= Dawam Rahardjo =

Indonesian economist

Dawam Rahardjo (April 20, 1942 – May 30, 2018) was an Indonesian Muslim scholar and human rights activist. An economist by profession, Dawam was widely known for his uncompromising defence of minority groups and his advocacy for religious pluralism in Indonesian society. He was awarded the Yap Thiam Hien Award in 2013.

==Life and career==

Born in Solo, Central Java on April 20, 1942, Dawam Rahardjo was one of the four Muslim students, along with Nurcholish Madjid, Ahmad Wahib and Djohan Effendi, who initiated “the Islamic rejuvenation” movement in the 1970s.
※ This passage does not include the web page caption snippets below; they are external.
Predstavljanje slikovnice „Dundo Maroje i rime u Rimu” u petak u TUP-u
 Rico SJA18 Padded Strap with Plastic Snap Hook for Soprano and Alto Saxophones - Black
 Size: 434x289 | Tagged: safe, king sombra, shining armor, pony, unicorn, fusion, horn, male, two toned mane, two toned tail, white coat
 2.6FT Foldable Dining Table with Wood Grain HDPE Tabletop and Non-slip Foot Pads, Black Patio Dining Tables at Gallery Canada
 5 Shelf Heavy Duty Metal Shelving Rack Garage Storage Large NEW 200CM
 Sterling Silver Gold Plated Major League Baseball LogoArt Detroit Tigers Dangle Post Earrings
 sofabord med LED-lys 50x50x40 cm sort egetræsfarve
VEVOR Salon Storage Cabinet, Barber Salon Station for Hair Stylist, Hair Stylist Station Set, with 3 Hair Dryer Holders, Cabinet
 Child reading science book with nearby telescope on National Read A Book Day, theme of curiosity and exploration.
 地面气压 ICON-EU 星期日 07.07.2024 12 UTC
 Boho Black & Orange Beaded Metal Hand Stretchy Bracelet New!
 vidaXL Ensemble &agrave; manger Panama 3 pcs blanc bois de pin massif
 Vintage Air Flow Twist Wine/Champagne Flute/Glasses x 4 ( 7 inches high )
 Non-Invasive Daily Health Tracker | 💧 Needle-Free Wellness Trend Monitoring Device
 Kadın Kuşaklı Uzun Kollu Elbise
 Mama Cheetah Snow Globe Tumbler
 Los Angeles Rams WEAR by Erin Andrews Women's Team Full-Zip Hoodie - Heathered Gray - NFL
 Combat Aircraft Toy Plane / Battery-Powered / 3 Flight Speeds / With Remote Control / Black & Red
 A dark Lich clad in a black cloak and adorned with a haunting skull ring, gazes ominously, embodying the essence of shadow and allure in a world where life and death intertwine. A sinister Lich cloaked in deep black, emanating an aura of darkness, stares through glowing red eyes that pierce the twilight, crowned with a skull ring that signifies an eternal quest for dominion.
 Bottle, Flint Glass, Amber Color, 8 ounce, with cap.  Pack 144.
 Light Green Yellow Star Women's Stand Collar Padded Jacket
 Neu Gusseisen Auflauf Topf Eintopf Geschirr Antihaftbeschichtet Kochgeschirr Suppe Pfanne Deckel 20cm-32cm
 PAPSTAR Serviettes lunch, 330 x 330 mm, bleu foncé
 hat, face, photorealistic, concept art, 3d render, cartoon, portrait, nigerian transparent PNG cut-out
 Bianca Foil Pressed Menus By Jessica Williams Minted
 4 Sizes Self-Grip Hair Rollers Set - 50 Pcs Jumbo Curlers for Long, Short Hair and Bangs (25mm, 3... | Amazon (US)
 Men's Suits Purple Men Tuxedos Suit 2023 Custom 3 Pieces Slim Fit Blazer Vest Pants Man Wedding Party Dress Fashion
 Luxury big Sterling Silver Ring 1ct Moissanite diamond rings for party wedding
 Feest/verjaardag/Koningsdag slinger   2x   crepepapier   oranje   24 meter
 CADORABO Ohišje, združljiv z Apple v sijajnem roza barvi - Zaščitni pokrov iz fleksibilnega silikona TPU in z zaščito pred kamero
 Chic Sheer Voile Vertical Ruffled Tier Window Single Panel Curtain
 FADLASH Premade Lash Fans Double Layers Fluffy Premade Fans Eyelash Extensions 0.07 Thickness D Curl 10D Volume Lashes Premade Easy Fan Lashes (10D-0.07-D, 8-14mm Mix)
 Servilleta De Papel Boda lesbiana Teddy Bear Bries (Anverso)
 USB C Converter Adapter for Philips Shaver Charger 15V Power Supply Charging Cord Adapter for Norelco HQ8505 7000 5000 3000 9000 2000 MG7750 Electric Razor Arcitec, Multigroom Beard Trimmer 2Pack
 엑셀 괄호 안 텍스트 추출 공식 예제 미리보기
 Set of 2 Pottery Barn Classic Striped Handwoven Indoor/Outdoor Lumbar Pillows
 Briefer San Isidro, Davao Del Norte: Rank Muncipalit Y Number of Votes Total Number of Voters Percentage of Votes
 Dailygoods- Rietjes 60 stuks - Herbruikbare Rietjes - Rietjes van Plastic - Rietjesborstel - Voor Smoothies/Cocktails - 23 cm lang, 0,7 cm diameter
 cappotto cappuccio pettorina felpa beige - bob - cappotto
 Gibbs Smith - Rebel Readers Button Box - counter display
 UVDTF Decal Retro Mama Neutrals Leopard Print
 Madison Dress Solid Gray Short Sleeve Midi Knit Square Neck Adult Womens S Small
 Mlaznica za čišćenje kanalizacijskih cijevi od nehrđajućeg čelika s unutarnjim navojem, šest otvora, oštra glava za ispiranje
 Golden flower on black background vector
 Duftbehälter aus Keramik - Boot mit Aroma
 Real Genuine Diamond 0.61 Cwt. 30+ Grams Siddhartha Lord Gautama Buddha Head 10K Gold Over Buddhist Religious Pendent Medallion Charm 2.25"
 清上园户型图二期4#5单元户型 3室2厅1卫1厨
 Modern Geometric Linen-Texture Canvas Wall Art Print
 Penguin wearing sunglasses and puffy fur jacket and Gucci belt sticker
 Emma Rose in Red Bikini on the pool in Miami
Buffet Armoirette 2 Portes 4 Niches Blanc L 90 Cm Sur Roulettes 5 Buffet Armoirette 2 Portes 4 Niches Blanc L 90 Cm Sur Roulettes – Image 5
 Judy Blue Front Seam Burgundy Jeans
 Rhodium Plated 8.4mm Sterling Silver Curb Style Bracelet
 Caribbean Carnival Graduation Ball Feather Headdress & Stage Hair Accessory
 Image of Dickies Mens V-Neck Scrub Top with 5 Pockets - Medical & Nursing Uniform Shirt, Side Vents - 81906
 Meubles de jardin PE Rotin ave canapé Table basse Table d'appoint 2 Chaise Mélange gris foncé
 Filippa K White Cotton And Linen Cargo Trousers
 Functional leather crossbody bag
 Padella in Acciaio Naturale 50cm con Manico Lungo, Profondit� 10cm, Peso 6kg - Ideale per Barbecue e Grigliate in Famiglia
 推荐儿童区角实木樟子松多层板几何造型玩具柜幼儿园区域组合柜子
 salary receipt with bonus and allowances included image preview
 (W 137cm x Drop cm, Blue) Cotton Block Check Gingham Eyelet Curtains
Challenging the long held convictions propagated by the Islamic parties, they advocated for a more inclusive approach to Islam, which, they believed, was suitable for Indonesia as a diverse country. Besides being known as the editor in chief of the social economics journal Prisma, the professor of economics at the University of Muhammadiyah Malang has also been the Director of one of the largest national think tanks, namely the Institute for Economic and Social Research, Education and Information (LP3ES). Dawam Rahardjo also served as a member of the Honorary Board of the Indonesian Association of Muslim Intellectuals (ICMI) and founded and led the Institute for the Study of Religion and Philosophy (LSAF), and was involved in many other institutions.

==Death==
On May 30, 2018, Dawam Rahardjo died at Cempaka Putih Hospital in Jakarta at the age of 76.